双子で目指した甲子園 藤代・橿渕兄弟の夢は続く

[ 2021年9月29日 08:30 ]

12年間一緒にプレーしてきた橿渕兄弟の兄・勇太(左)と弟・翔太
Photo By スポニチ

 14年夏以来の甲子園出場を目指した藤代(茨城)は今夏、茨城大会の準々決勝で水城に1―2で敗れた。「1番・右翼」の橿渕(かしぶち)翔太(3年)と「2番・左翼」の勇太(3年)は、双子の兄弟。最後の試合はともに無安打に終わったが、父であるヤクルト・橿渕聡スカウトグループデスク(47)から授かった言葉を胸に、熱くプレーした。

 ヤクルトの外野手だった父がユニホームを脱いだ2003年。10月6日に2人は生まれた。兄・勇太は小1の時に「父のようにプロ野球選手になりたい」と誓って野球を始めた。弟・翔太も「最初は興味がなかったけど、勇太がやるなら」と続いた。

 顔も背格好もそっくりな兄弟。「僕は左目の下にほくろがある」と兄・勇太は見分けるコツを明かす。小、中学時に同じチームだった2人は、菊地一郎監督の誘いで地元の取手市にある藤代高校に進学した。

 兄・勇太は50メートル5秒8の快足を武器に1年秋に外野のレギュラーになった。弟・翔太も出塁能力の高さを売りに、2年秋から同じく外野のレギュラーに。父は高校時代、中堅手として春日部共栄(埼玉)を2度も甲子園出場に導いた。兄弟は「自分たちも甲子園に立ちたい」と白球を追った。

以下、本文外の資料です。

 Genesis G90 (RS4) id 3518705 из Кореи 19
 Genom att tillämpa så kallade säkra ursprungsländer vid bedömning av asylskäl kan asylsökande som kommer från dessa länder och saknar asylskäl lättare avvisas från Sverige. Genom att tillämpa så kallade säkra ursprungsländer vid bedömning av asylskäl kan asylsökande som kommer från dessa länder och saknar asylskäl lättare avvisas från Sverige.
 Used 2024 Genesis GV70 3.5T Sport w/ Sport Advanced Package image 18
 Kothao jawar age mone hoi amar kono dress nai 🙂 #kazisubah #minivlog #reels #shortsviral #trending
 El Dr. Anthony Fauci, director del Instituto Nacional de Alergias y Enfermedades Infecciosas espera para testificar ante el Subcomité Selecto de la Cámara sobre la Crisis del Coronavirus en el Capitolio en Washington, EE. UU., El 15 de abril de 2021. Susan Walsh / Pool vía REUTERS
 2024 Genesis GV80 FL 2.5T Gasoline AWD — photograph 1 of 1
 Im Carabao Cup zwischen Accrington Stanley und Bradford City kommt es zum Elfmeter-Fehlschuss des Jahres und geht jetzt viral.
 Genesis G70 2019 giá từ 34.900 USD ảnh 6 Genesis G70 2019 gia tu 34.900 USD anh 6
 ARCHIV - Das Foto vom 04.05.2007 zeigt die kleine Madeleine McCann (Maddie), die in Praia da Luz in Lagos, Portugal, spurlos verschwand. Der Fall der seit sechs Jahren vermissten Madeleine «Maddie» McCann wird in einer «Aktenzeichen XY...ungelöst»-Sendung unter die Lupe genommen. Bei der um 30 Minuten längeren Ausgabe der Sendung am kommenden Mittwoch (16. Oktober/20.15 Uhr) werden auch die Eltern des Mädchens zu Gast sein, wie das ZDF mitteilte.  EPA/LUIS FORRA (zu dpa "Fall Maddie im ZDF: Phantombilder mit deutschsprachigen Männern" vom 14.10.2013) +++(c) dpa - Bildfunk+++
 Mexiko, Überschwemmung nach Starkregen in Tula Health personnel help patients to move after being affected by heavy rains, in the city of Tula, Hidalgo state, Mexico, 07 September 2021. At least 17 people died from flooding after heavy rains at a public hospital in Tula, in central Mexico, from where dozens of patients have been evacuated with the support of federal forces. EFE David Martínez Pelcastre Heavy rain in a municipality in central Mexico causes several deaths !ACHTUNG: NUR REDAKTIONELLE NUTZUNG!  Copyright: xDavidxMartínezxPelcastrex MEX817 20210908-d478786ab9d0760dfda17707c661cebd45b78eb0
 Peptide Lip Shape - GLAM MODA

 2人はプロスカウトとしての目を持つ父の言葉を胸に刻んでいる。兄・勇太は中学時にプレーした「取手シニア」で打撃不振に陥った際、父に「積極性が大事。ファーストストライクを振り切りなさい」と金言を授かり、不振を脱却。それ以来、甘い球を逃さない積極的な打撃が持ち味になった。

 弟・翔太は「取手シニア」での2年秋にレギュラー落ち。やる気をなくし、中3夏の大会前になっても素振りをサボりがちだった。そんな時に父は「諦めるな。継続は力なり」と鼓舞。ハートに火がついた翔太はそれ以来、暇さえあればバットを振った。兄より少し遅れたが、継続した努力が高2秋のレギュラー奪取につながった。

 甲子園には立てなかったが夢は続く。弟・翔太は「できればプロ野球選手になりたい。できるだけ長く野球を続けることが目標」と言い、兄・勇太は「父と同じプロ野球に入りたい気持ちもあるが、スポーツ関係の仕事にも興味がある」と目を輝かせる。